Probing the contested origins of SARS-CoV-2 is grounded in two hypotheses: that the pandemic virus entered the human population after escaping from a laboratory or that it jumped from its natural host to our species from infected animals. Since Charles Darwin’s publication of “On the Origins of Species by Means of Natural Selection” in 1859, there have been countless debates over two logically independent processes — common descent and natural selection. Only one figure in his publication (the Diagram of Divergence of Taxa) is frequently interpreted as illustrative of representing a broad conceptual model of Darwin’s theory as it illustrates the causal efficacy of natural selection in producing well-defined varieties and ultimately species.
Darwin’s Taxa Tree Diagram encompasses the idea that natural selection explains common descent and the origin of organic diversity. His initial Tree of Life sketch, which appears in his Notebook B, in 1837, illustrates his theoretical insight on how a genus of related species might originate by divergence from a starting point. On December 31, 2019, four cases of pneumonia of unknown etiology in Wuhan, were reported to the Chinese office of the WHO. On January 12, 2020, Chinese scientists disseminated the genetic sequence of the etiological agent; a virus that would be labeled as SARS-CoV-2 which came to be known as COVID-19.
On February 26, 2020, Brazil’s first case of COVID-19 was confirmed in a 61-year-old male who recently visited in the Lombardy region of Italy. Twenty-four hours later, the genome of the SARS-CoV-2 virus from that patient was sequenced. By that time, the agent displayed a unique sequence of bases that differed from other species and was genetically different enough from SARS-CoV-1 (genetic similarity of approximately 79%) and MERS-CoV (50%), to be considered novel.
But twelve months ago, more than 200 data entries from the genetic sequencing of early cases of SARS-CoV-2 vanished from the Sequence Read Archive (SRA) – a digital scientific database. The SRA is an international public archival resource for next-generation sequence data set up under the guidance of the International Nucleotide Sequence Database Collaboration (INSDC). This repository for raw sequencing data is maintained by the National Center for Biotechnology Information (NCBI) and is part of the US National Institutes of Health (NIH).
The mysterious disappearances neither buttress nor diminish the hypothesis that the pathogen seeped out of a Wuhan laboratory. But it raises suspicions. Dr. Jesse Bloom, a computational biologist at the Fred Hutchinson Cancer Research Center, was reviewing genetic data published by COVID-19 research teams when he stumbled upon a March 2020 study with a spreadsheet cataloguing 241 genetic sequences collected by Wuhan University scientists.
The spreadsheet indicated that the scientists had uploaded the sequences to the SRA. But his search of the SRA for the raw files returned with– “no item found.” Confounded, he returned to the spreadsheet which pointed out that the 241 sequences were collected by a scientist named Ming Wang at Renmin Hospital in Wuhan. Dr. Bloom continued to review the literature and uncovered another study where the sequences were tagged to a paper in which Ming Wang and others used nanopore-sequencing technology to detect SARS-CoV-2 genetic material in samples taken from humans. That study was published in the journal “Small” on 24th June 2020, (Vol. 16, Issue 32) having been posted on “bioRxiv” on March 6th, 2020.
In that study, scientists examined 45 samples from nasal swabs from outpatients searching for a portion of SARS-CoV-2’s genetic material. The scientists did not publish the actual sequences sifted out from the samples.
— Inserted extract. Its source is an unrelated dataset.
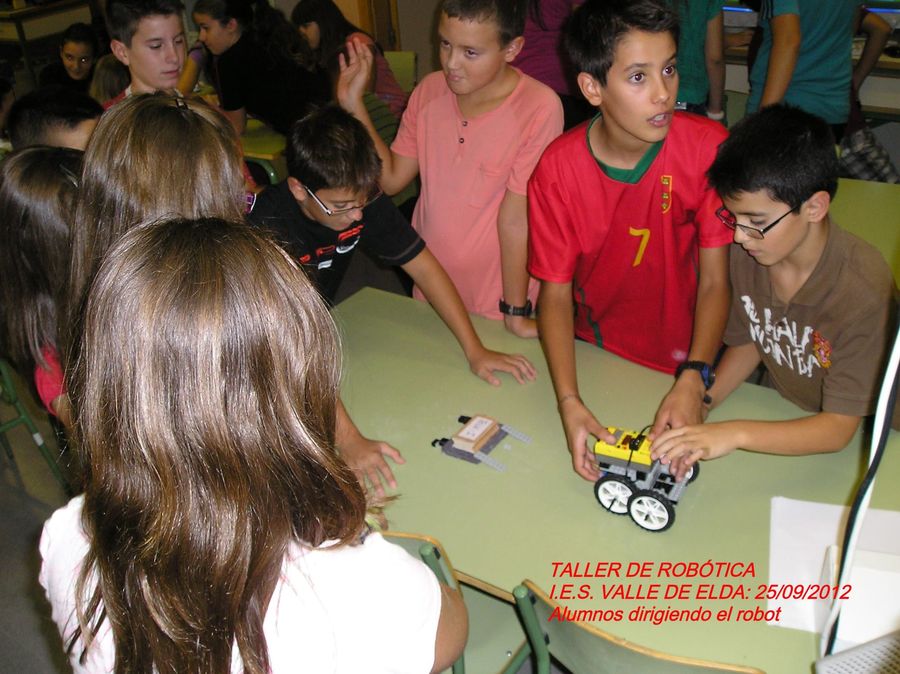 Fotografía de la actividad: Taller de Robótica en IES Valle de Elda (1)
They only published an elaborate table on mutations. Dr. Bloom suspected that the 45 samples were the source of the 241 deleted sequences — so he continued his search.
He found the deleted files in the unending “cloud”. He then swapped in the code for a missing sequence from Wuhan. Eureka! Using this approach, Dr. Bloom excavated 13 sequences from Google Cloud. He then combined his 13 sequences with the data during the early stages of the pandemic to map the Darwinian Tree of Life for SARS-CoV-2. He posits that it is plausible that the Wuhan market episode was one of the first super-spreading events and that by then SARS-CoV-2 may have developed extensive diversity — even in Wuhan.
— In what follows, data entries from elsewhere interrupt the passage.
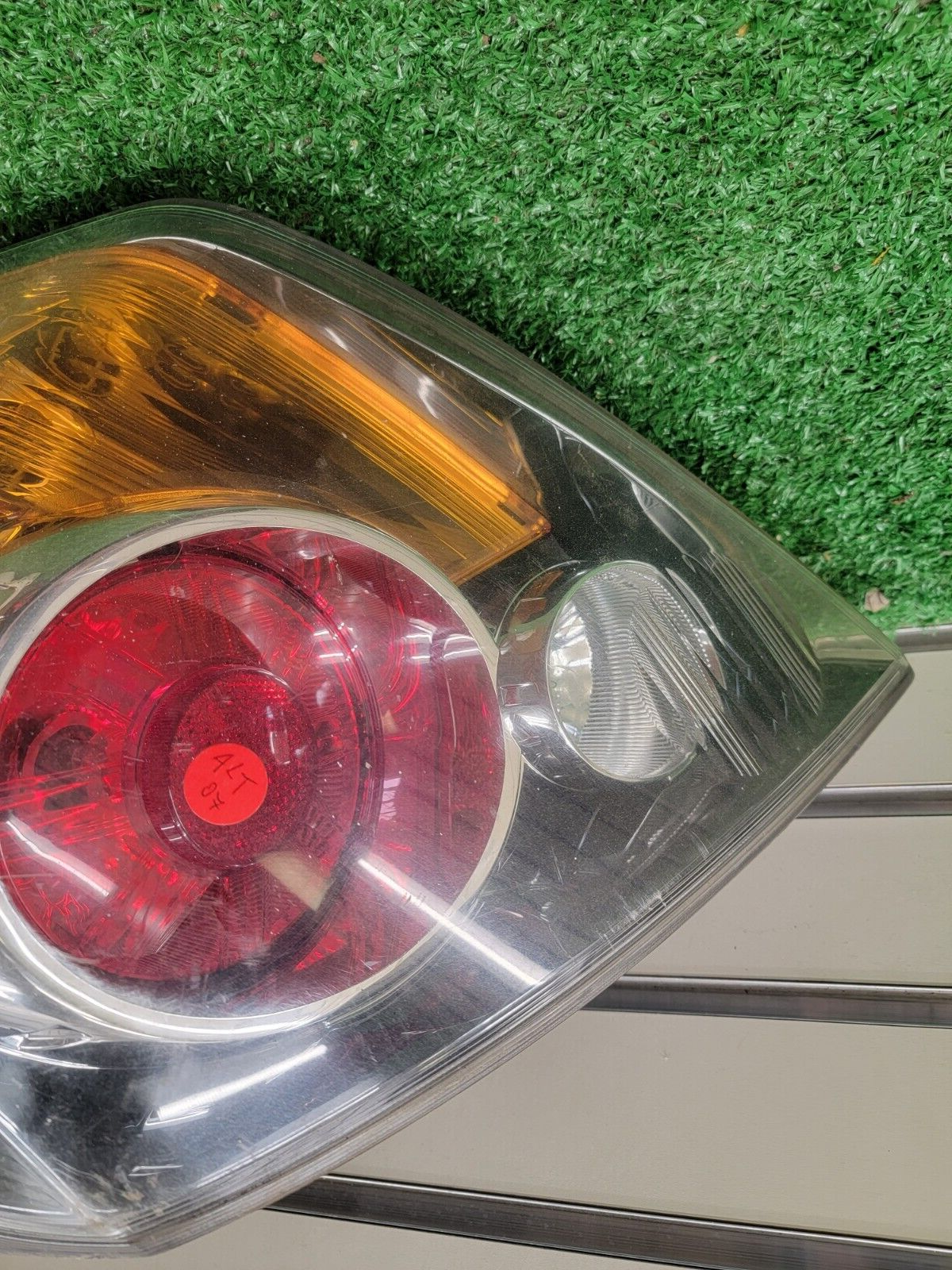 🔥2007-2012 Nissan Altima Tail Light Assembly Passenger Side Sedan With Bulb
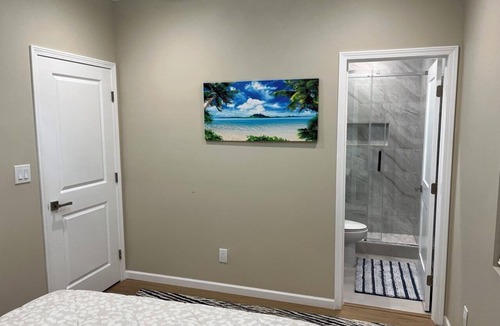 West Carson House | Charming 2-bedroom house in lovely Torrance with AC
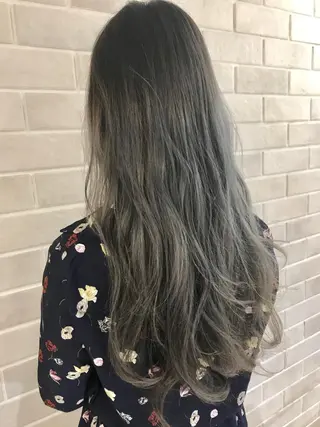 セミロング カラー 艶髪カラー&ウルフ フルカワ ヒロズミのヘアスタイル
Tracing all the steps by which SARS-CoV-2 could have evolved from a bat virus is hindered by the paucity of samples from the Huanan Fish Market especially since the Huanan market viruses actually had three extra mutations that are missing from SARS-CoV-2 samples collected weeks later. This suggests that those later viruses resemble coronaviruses found in bats and this supports the hypothesis that there was some early lineage of the virus that did not appear in the seafood market.
Dr. Bloom found that the redacted sequences he found in Google Cloud also lack those extra mutations. Thus, the Wuhan market virus varieties may not be representative of the full diversity of coronaviruses already loose by December 2019. These deleted sequences do not shed light on the origins of COVID-19. But the excavation of partial SARS-CoV-2 genome sequences at the beginnings of the pandemic’s apparent epicenter in Wuhan, which were once in the SRA and later removed, is unnerving.